ASSIGNMENT:
Copy out the lines beginning with the one that contains "Botanical Garden and" and ending with the last line below, exactly as they stand. Pictures are not copied.

AVAILABLE DATA:
•••

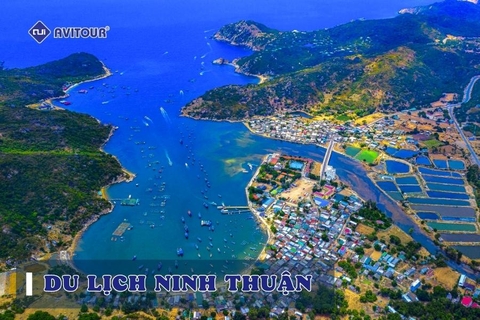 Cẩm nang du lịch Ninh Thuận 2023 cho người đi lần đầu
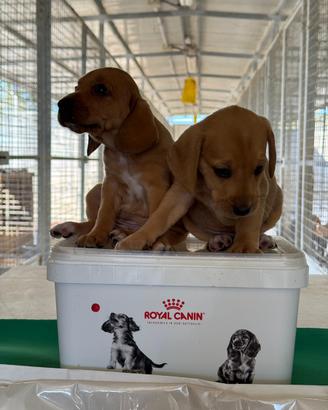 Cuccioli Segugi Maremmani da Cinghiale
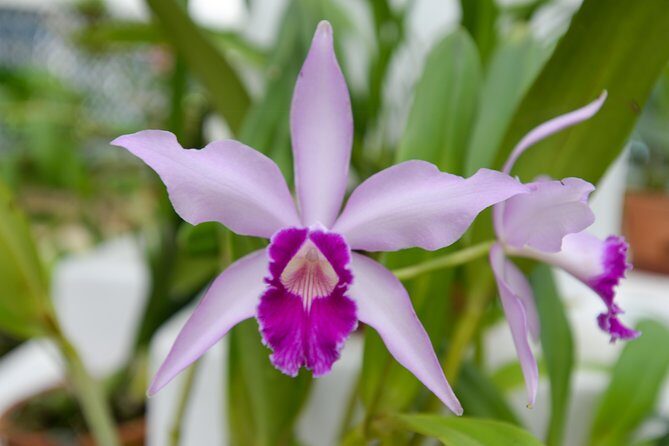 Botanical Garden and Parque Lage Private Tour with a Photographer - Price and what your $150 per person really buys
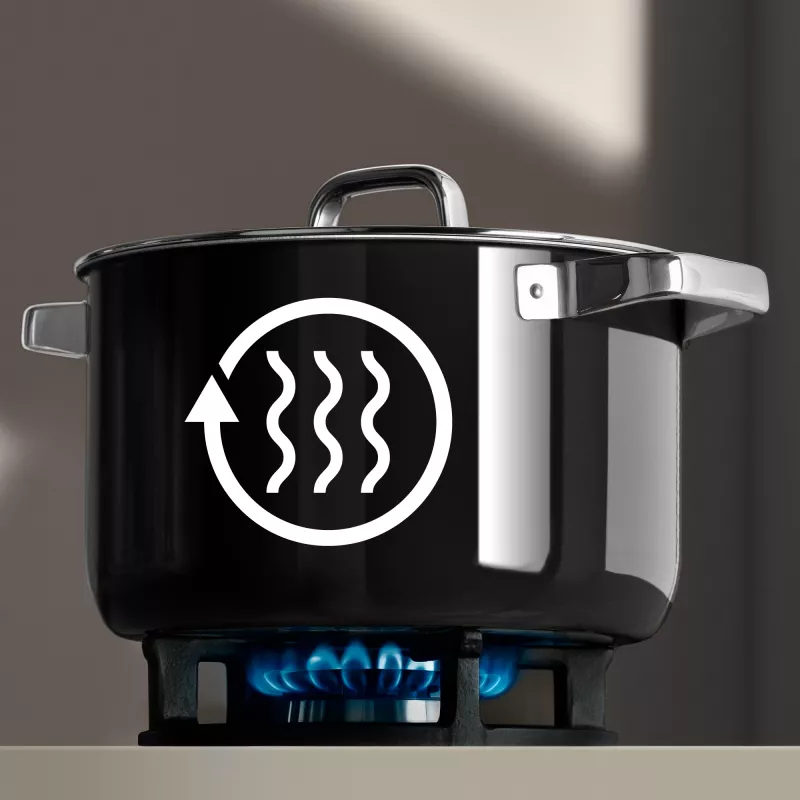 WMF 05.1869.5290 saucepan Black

•••

OUTPUT:
 Botanical Garden and Parque Lage Private Tour with a Photographer - Price and what your $150 per person really buys
 WMF 05.1869.5290 saucepan Black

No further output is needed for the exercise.